Task details
Set down the entries below exactly as written.

Material provided
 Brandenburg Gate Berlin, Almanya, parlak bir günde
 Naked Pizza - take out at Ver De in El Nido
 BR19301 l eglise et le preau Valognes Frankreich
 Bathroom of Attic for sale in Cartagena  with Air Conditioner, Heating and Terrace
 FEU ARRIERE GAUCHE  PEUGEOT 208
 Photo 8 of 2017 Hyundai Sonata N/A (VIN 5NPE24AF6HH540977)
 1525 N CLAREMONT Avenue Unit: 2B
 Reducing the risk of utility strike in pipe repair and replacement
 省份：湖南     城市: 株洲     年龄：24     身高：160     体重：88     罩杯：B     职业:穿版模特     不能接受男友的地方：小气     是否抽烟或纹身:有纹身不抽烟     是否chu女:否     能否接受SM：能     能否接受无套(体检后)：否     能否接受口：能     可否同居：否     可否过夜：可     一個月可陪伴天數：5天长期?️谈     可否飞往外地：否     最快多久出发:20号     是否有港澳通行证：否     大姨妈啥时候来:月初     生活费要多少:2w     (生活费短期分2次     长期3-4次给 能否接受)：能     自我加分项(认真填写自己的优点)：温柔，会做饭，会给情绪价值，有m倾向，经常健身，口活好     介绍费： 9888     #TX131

Written answer
 Brandenburg Gate Berlin, Almanya, parlak bir günde
 Naked Pizza - take out at Ver De in El Nido
 BR19301 l eglise et le preau Valognes Frankreich
 Bathroom of Attic for sale in Cartagena  with Air Conditioner, Heating and Terrace
 FEU ARRIERE GAUCHE  PEUGEOT 208
 Photo 8 of 2017 Hyundai Sonata N/A (VIN 5NPE24AF6HH540977)
 1525 N CLAREMONT Avenue Unit: 2B
 Reducing the risk of utility strike in pipe repair and replacement
 省份：湖南     城市: 株洲     年龄：24     身高：160     体重：88     罩杯：B     职业:穿版模特     不能接受男友的地方：小气     是否抽烟或纹身:有纹身不抽烟     是否chu女:否     能否接受SM：能     能否接受无套(体检后)：否     能否接受口：能     可否同居：否     可否过夜：可     一個月可陪伴天數：5天长期?️谈     可否飞往外地：否     最快多久出发:20号     是否有港澳通行证：否     大姨妈啥时候来:月初     生活费要多少:2w     (生活费短期分2次     长期3-4次给 能否接受)：能     自我加分项(认真填写自己的优点)：温柔，会做饭，会给情绪价值，有m倾向，经常健身，口活好     介绍费： 9888     #TX131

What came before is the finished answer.